● Work to complete: Please print, exactly, only the lines in the entries below from the line that has "Happy Squid Logo" through the line that has "Women's Bodan Dress Sandal". Pictures don't go in.

Source data Start Marker

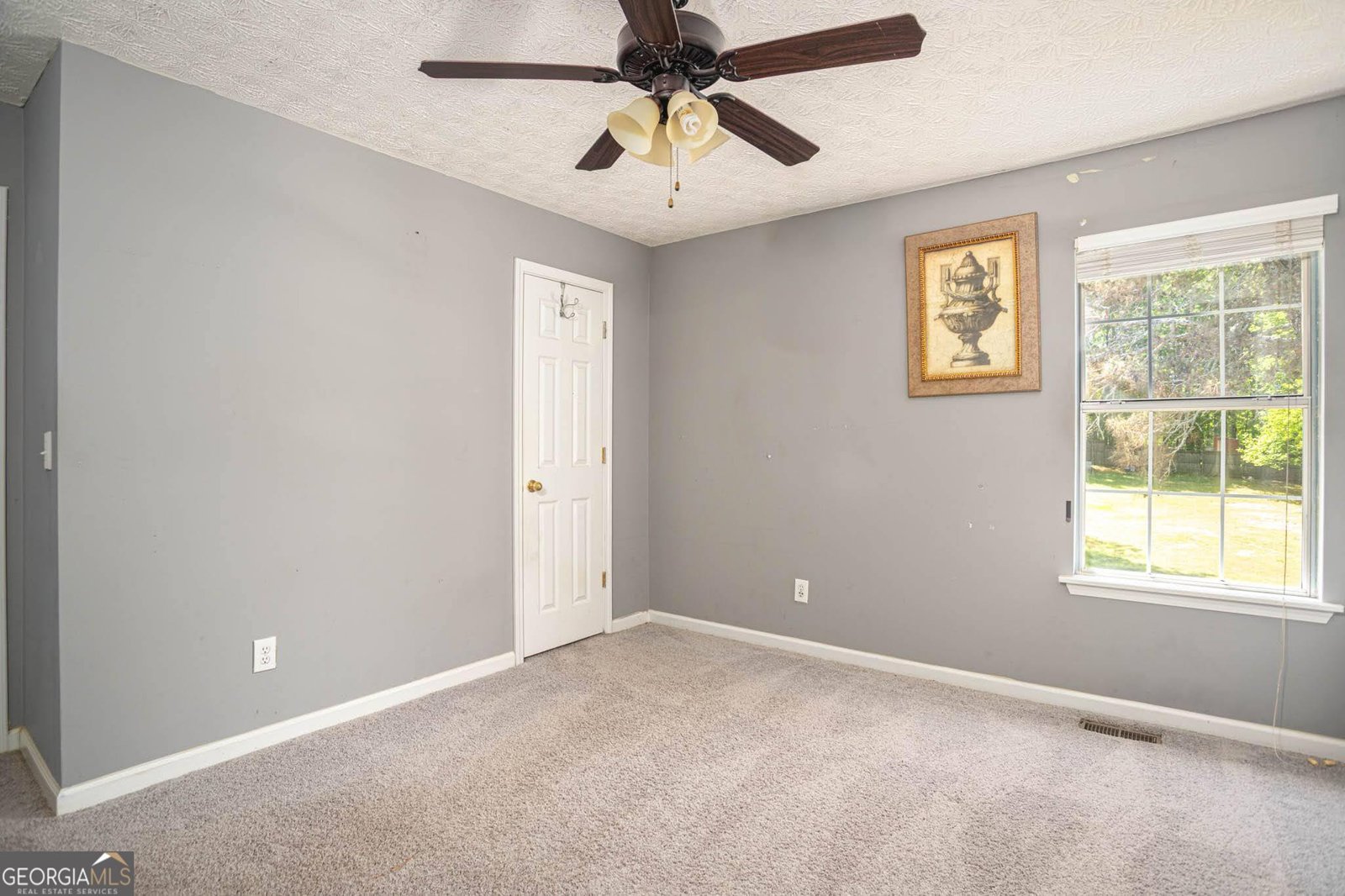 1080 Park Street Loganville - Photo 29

Source data End Marker
Source data Start Marker

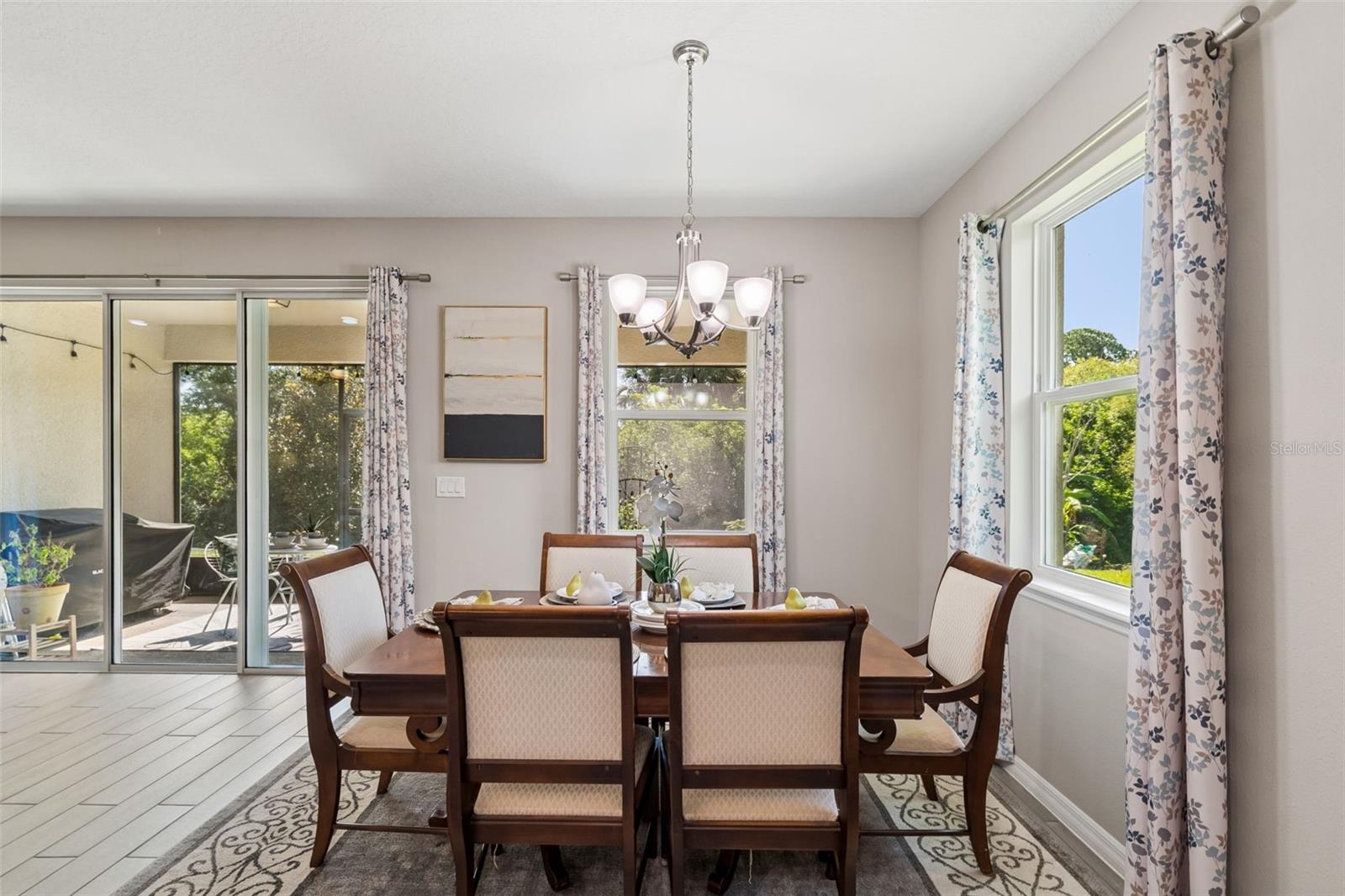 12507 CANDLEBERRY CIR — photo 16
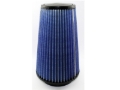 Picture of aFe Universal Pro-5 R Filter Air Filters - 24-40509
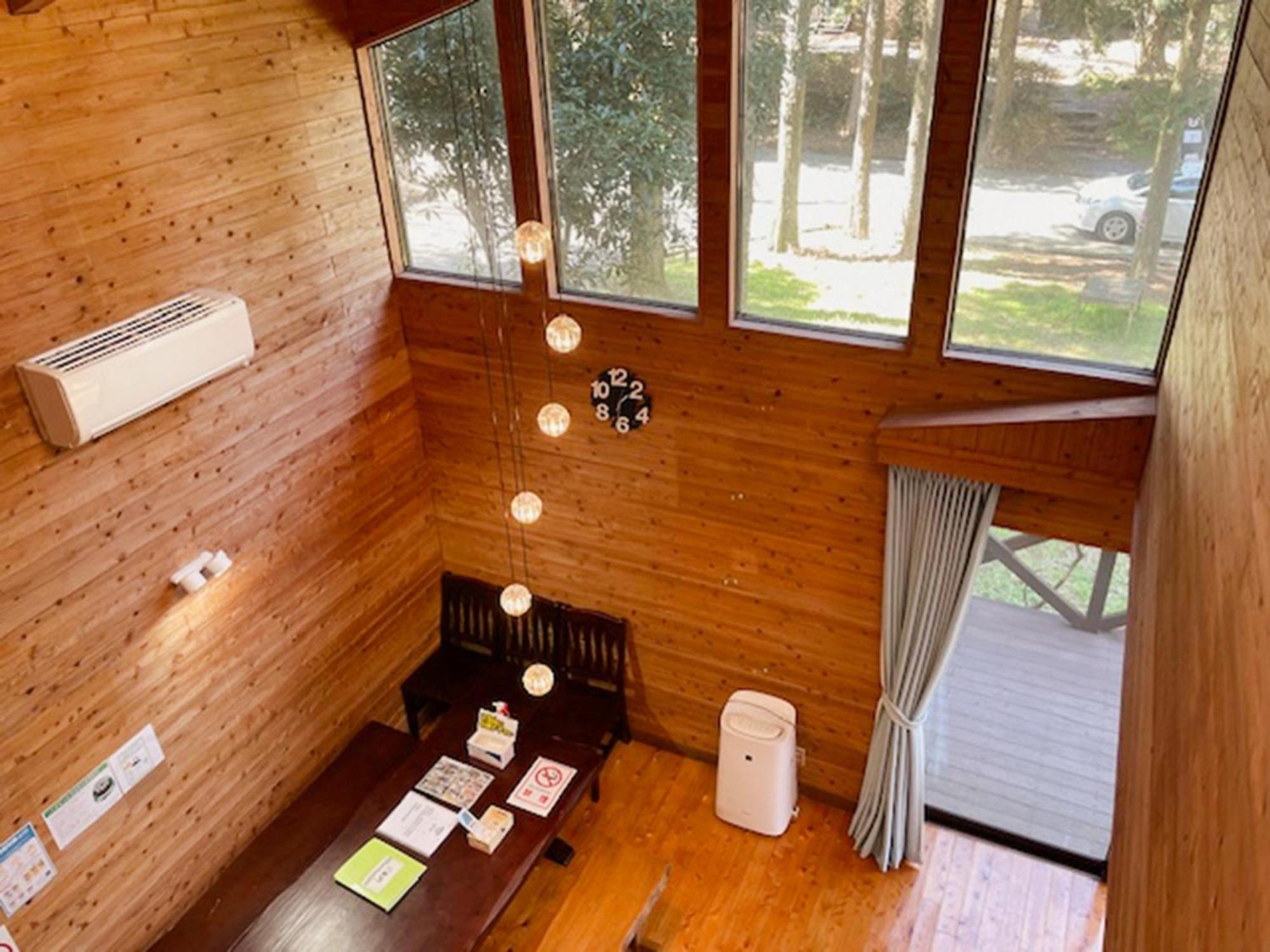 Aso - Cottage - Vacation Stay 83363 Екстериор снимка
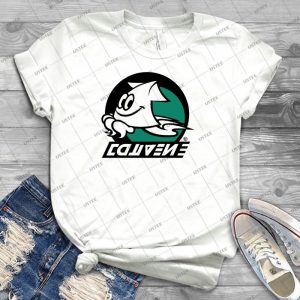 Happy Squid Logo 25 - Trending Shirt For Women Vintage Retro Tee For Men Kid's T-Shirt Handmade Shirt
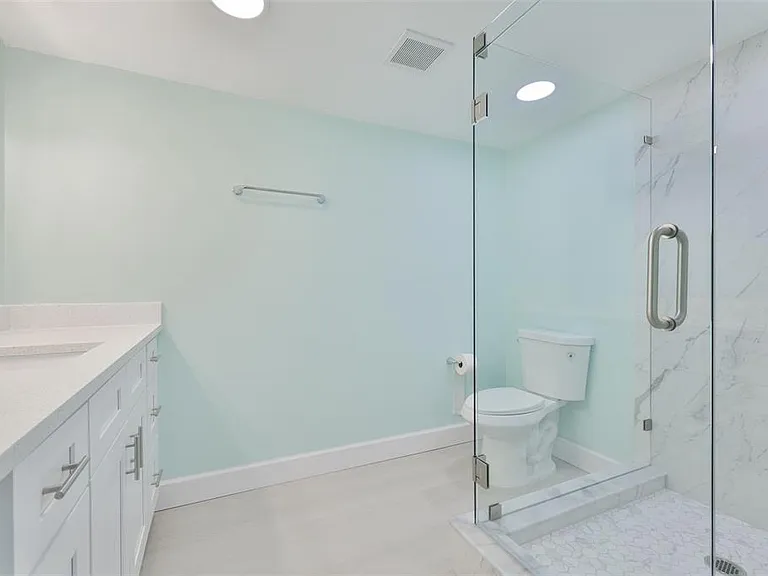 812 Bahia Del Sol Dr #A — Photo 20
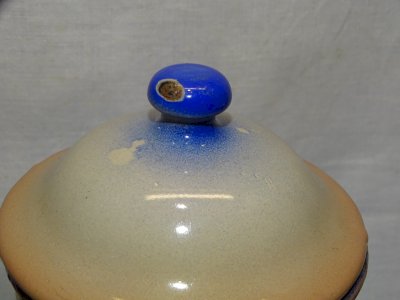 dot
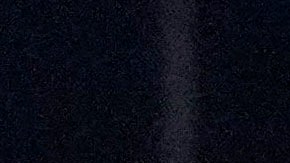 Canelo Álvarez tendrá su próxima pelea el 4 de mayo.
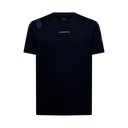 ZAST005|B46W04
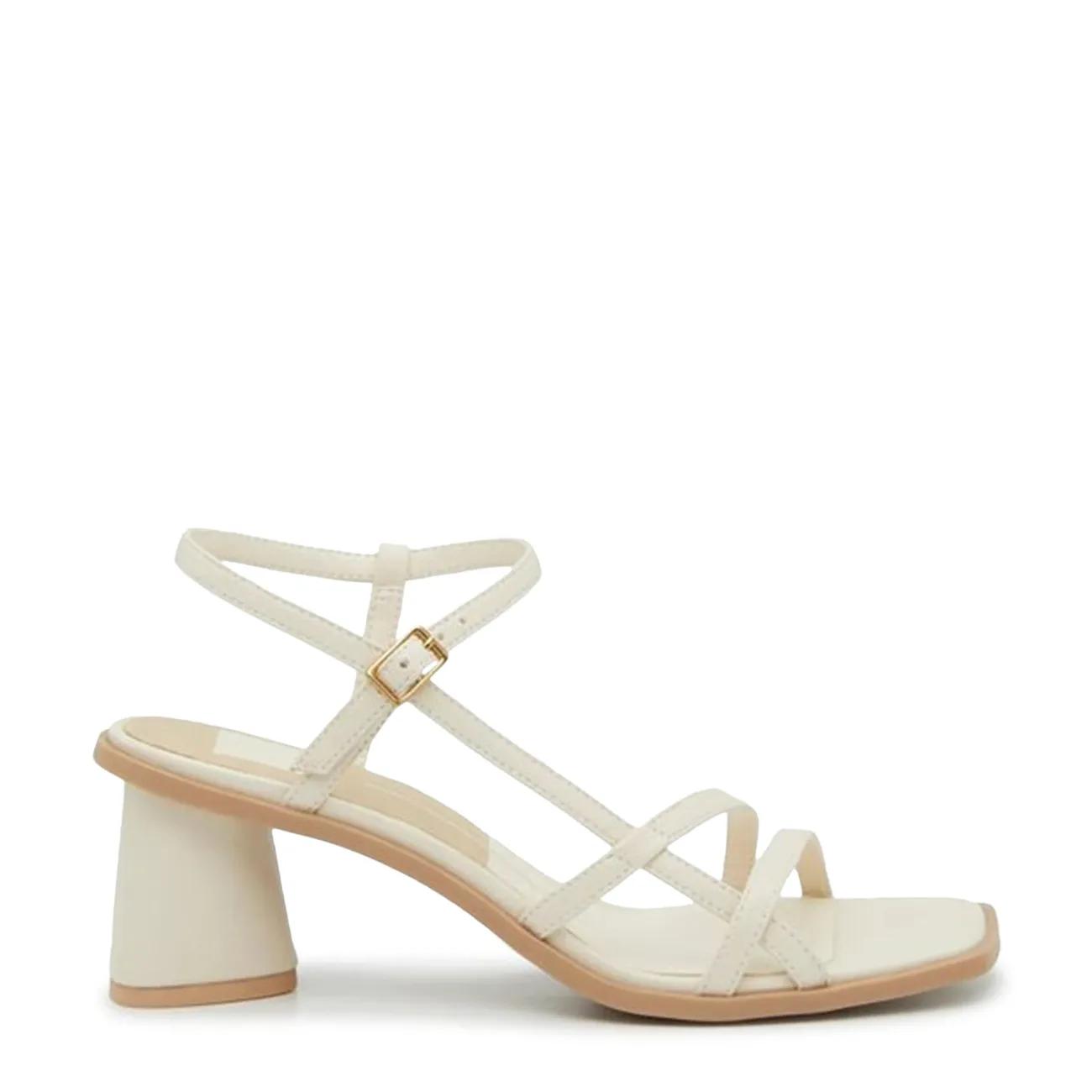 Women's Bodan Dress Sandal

Source data End Marker

● Written answer:
 Happy Squid Logo 25 - Trending Shirt For Women Vintage Retro Tee For Men Kid's T-Shirt Handmade Shirt
 812 Bahia Del Sol Dr #A — Photo 20
 dot
 Canelo Álvarez tendrá su próxima pelea el 4 de mayo.
 ZAST005|B46W04
 Women's Bodan Dress Sandal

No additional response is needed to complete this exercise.